Kofçaz Terzidere’li. 1930 doğumlu. Köklerimiz Bulgaristan Alvanlar (Yablonova’dan) gelmiş. Dedem, Veli Efendi’nin babası Ahmet Baba’dan el almış, kendisi Bektaşi olmuş. Aynı şekilde benim babam da Bektaşi olmuş. Dedem Bektaşi dedesiydi. Sonradan babam da dedelik yaptı. Ben de yol konusunda kendimi iyi yetiştirdim. Onlardan çok şeyler öğrendim. Bizim inancımıza göre Horasan’dan İbrahim Sani Gülşeni Tarikatı’nı kurmuş.

Önceki sene ziyaret edip söyleştiğimiz, bilgili Bektaşi Babalarından Haydar Karaman’ın eşi Fatma Ana’da bizi görmekten çok mutlu olduğunu söyleyip duygulandı. Çünkü Haydar Karaman Baba’yı, 09.09. 2002’de kaybetmiştik.

 

Fevzi Kemter Derviş

Hasan Yıldız Baba’ya bağlı olan Çırakçı Derviş, Mehmet Ali Solak Baba’dan nasip alarak yola girmiş. 

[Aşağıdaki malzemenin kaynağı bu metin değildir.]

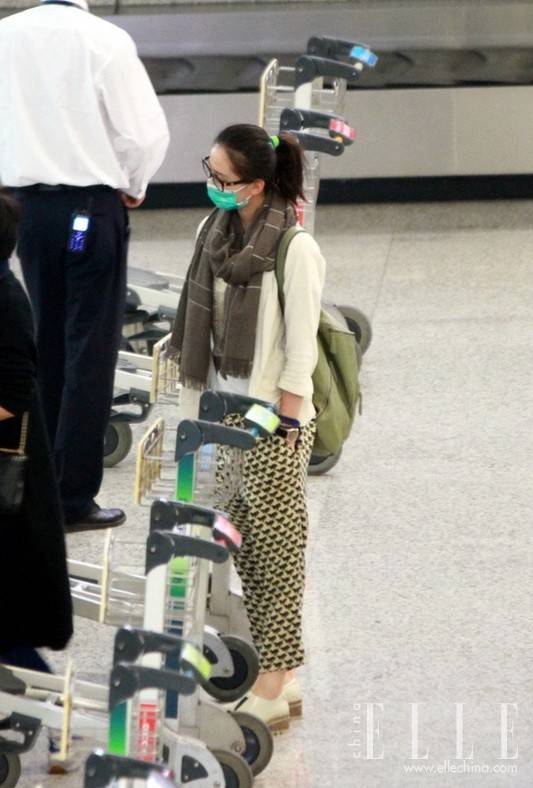 刘诗诗街拍生活照大曝光 私下搭配衣品超赞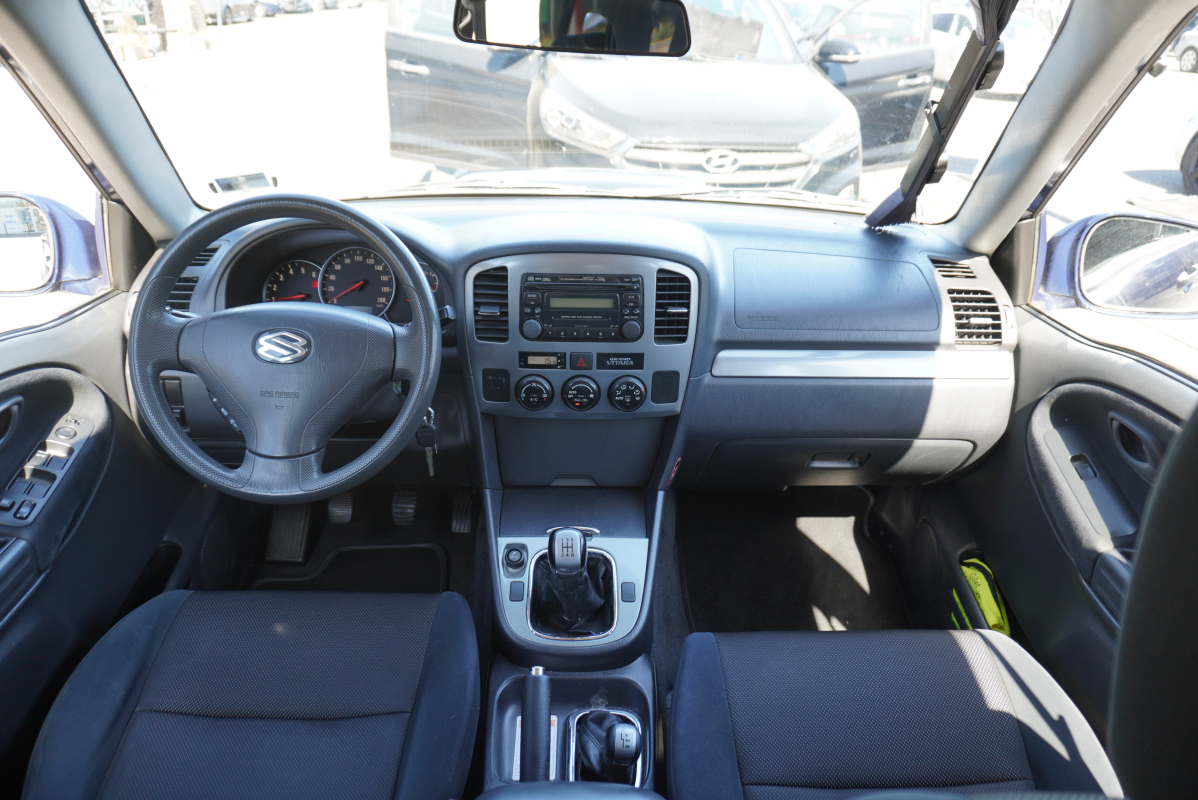 Suzuki Grand Vitara — 9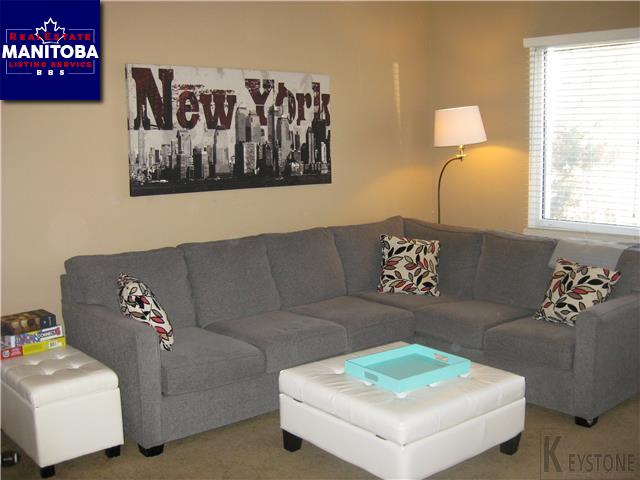 Property 9 Acorn Pl img1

Mehmet oğlu, Hatice’den doğmayım diyen derviş, şu anda Kızılcıkdere Köyü’nde Hasan Yıldız’ın dervişliğini yapıyormuş. Yani onun en önemli yardımcısı pozisyonundaymış.

 

Muharrem Hüseyin Durgut Derviş

Kızılcıkdere Köyü’nde dede olan Durgut, 71 yaşında olmasına rağmen oldukça dinç görünüyor.

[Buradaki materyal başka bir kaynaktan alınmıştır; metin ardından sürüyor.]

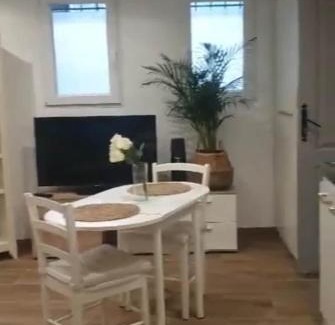 Flassans-sur-Issole Apartment | Studio chez Fana
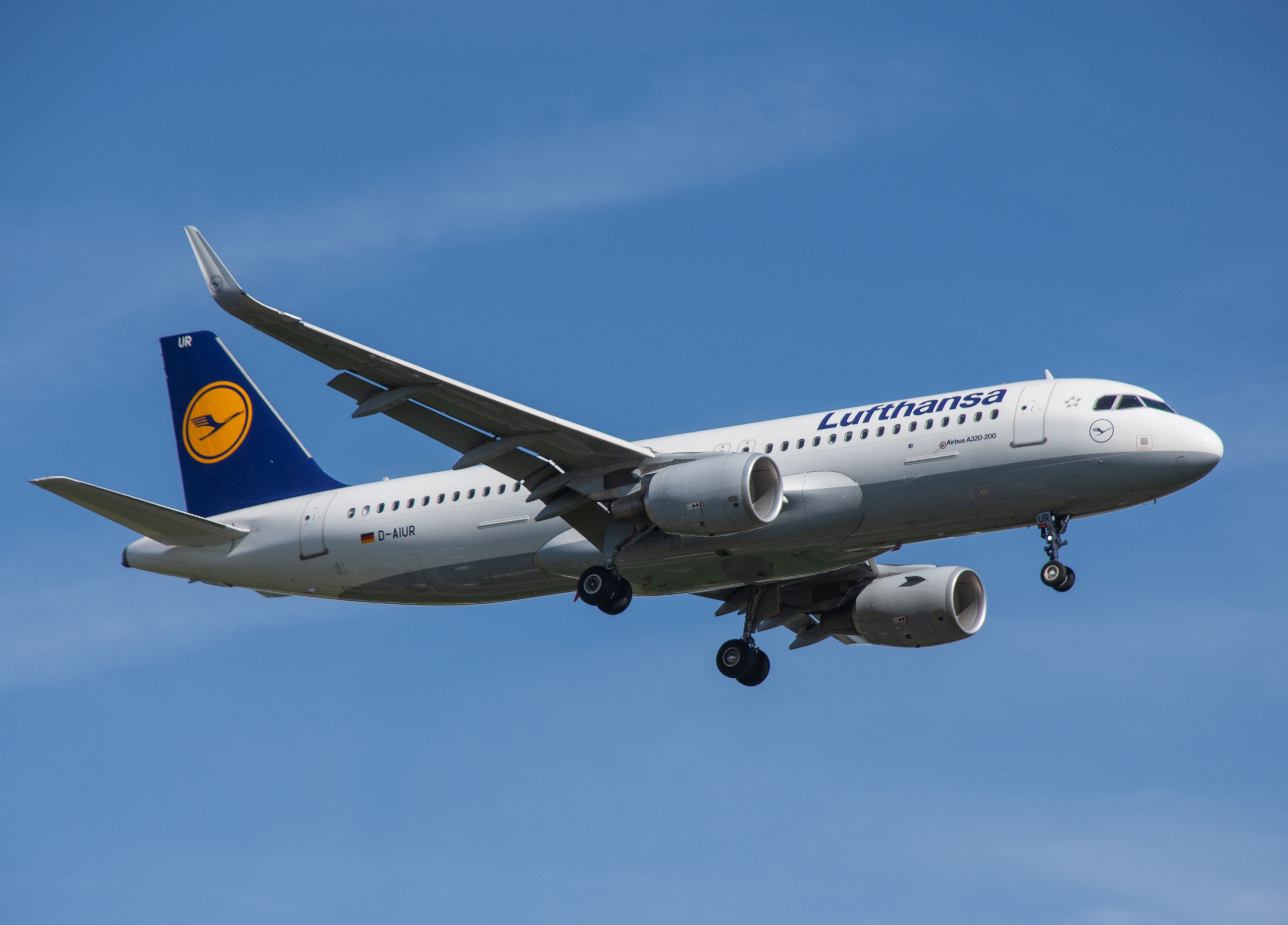 D-AIUR/DAIUR Discover Airlines Airbus A320 Airframe Information - AVSpotters.com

Mehmet Ali Solak Baba’nın oğlu, Ahmet Solak Baba’nın amcası olduğunu söyleyen Hüseyin Durgut, 1960 yılında nasip alarak yola girdiğini, 2003’ün beşinci ayının dördünde de Derviş olduğunu, ölene kadar bu yola hizmet etmek arzusunda bulunduğunu belirtiyor. Kendi ifadesine göre Kızılcıkdere Köyü 200 haneymiş.  

 

Hasan Hüseyin Aslan Derviş:

Kofçaz Beyce Köyü’ndenim, 67 yaşındayım. On beş yaşında nasip alıp yola girdim. Bu meydana kadim oldum. Nasip aldığım baba Kılavuzlu Köyü’nden (Tekirdağ), Cafer Tuncer Baba’dır. O Hakk’a yürüyünce Halil Tiryaki’ye teslim oldum. Halil Baba, Hasan Yıldız’ı baba yaptı. Şimdi biz de Hasan Yıldız Baba’ya teslim olduk. Derviş olduk. Hasan Yıldız Baba’nın dervişiyim, rehberiyim.

 

Bayram Ali Budak:

1954 yılında Mustafa Turabi Baba’dan nasip aldım, Karıncak Köyü’nden. O Hasan Dede’nin babasıydı. (kendisine Dandin Dede de derlerdi.)

 

Onlardan edindiğim diğer bilgiler:

Eskişehir Büyükyayla Köyü’nde Seydi Koç Baba varmış, Ali Koçlu. Fehmi Tuncay Halife Baba’dan Mehmet Tiryaki Baba oturtulmuş. Yine Hüseyin Acar da 2003’de baba oturtulmuş. Kırklareli Kılavuzlu Köyü’ndeki araştırmacı/yazar da Fehmi Tuncay’a bağlanmış.

 

24 Mart 2004 Çarşamba, Edirne

CEM Vakfı Edirne Şubesi’ni ziyaret ederek, merkeze bağlı Köşen Çiftliği Köyü’nde yaşamasına rağmen Edirne’de çalışan Erbay Kılıç’la görüşüp Şube çalışmaları hakkında kendisinden bilgi alıyoruz.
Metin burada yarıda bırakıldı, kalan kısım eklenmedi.